Pergunto se ele não dorme de noite. “Meu neném não deixa”, ele responde. “Tire um cochilo no almoço”, digo. “Não dá tempo”, ele fala. “Eu cubro seu tempo. Tire uma tarde de folga”, falo tentando ajudar! “Os incomodados que se mudem. Uuuuaaah! Uuuuaaah! Uuuuaaah!” É de propósito, só pode ser de propósito. Ninguém pode viver assim? “Ignorante”, sussurro. Ele se encurva, passa a mão na careca, volta o corpo ao normal e ri.

A música toca novamente e ele acompanha com sua cantiga: “Uuuuaaah! Uuuuaaah! Uuuuaaah!” Parece que não vai ter mais fim. “Deus!”

Torço para que o dia acabe logo. Não consigo mais me concentrar em nada, o serviço não rende, o dia fica mais comprido. Só consigo ouvi-lo arfando. Boi velho bufando. E hoje ainda é quinta-feira.

Ele tem também uma constipação incurável, cada dia que passa é pior. Quando ele espirra faz um barulho alto e bate os pés no chão. Parece um animal, um bicho do mato ou algo parecido. Talvez um ET? É isso, um ET! “ET, ET, ET...” Falo mentalmente.

Sente-se o dono da sala e acha que sempre está certo em tudo. Não posso esquecer a sua mania de perseguição e a desconfiança de que todos estejam contra ele. Insuportável.

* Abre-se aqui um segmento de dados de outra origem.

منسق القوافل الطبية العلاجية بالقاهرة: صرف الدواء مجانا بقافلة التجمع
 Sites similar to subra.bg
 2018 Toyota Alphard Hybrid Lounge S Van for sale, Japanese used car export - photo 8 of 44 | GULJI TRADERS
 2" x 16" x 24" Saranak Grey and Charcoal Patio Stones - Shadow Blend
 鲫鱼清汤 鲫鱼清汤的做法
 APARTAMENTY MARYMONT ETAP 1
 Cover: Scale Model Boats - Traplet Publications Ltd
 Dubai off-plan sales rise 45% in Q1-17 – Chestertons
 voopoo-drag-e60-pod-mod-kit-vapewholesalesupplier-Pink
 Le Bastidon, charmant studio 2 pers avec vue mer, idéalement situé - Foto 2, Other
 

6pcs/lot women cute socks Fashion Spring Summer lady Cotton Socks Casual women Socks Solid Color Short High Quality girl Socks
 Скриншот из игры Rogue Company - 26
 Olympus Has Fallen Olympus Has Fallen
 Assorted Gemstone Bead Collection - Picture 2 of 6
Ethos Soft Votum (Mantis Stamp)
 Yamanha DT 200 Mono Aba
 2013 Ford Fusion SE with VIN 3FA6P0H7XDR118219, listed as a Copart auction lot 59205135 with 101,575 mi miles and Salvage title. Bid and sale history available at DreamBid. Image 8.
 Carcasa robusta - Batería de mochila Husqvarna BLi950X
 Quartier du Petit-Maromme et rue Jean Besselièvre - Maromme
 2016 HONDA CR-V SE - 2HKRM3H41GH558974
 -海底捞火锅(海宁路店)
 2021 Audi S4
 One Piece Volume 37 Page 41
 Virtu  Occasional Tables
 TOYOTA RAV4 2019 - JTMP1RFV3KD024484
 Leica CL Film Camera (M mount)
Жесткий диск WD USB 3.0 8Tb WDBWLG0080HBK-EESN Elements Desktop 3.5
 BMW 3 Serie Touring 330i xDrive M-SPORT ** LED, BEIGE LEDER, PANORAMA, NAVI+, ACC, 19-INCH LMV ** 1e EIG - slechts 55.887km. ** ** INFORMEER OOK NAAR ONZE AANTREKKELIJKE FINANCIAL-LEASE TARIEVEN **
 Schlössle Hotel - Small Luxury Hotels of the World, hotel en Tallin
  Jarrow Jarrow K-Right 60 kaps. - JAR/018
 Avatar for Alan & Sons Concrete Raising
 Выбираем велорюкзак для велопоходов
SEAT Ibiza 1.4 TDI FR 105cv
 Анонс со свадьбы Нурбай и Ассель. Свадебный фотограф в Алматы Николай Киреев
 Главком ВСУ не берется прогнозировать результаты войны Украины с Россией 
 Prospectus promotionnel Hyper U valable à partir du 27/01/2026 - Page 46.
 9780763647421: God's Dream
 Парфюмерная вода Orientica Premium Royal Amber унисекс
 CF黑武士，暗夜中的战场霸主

Até entendo seu cansaço e seu sono, mas o que eu não suporto e critico é o barulho que ele faz. Realmente precisa fazer este barulho? Não! E depois do almoço, com o ‘bucho’ cheio e o computador dando sono, fica ainda pior e a sequência de bocejos aumenta.

Todo mundo boceja, não faz sinfonia como ele, mas boceja. Todo mundo tosse, não faz terremoto, mas tosse. Todo mundo pigarreia, mas não de dois em dois minutos. Será que eu é que estou estressado? Ou errado? Ou... Louco?

“Uuuuaaah! Uuuuaaah! Uuuuaaah!” Pausa. “Uuuuaaah!” Continua. “Argh!” Sinto enjoo. “Ih! Ih! Ih! Ih! Ah! Ah! Ah! Ah!” Zomba.

Não aguento. Saio da sala. Abro a boca em um bocejo longo, também estou cansado, porém não faço barulho. Dizem que é só você ver alguém bocejando que você começa a fazer o mesmo. É o corpo reagindo à falta de uma boa noite de sono. Vou à cozinha, tomo um café e de lá ouço seus bocejos:

“Uuuuaaah! Uuuuaaah! Uuuuaaah!” Continua o zombeteiro com sua cantiga desconexa.

“Pare com isso...” Alguém grita em outra sala, reclamando. No entanto os bocejos continuam pelo resto do dia.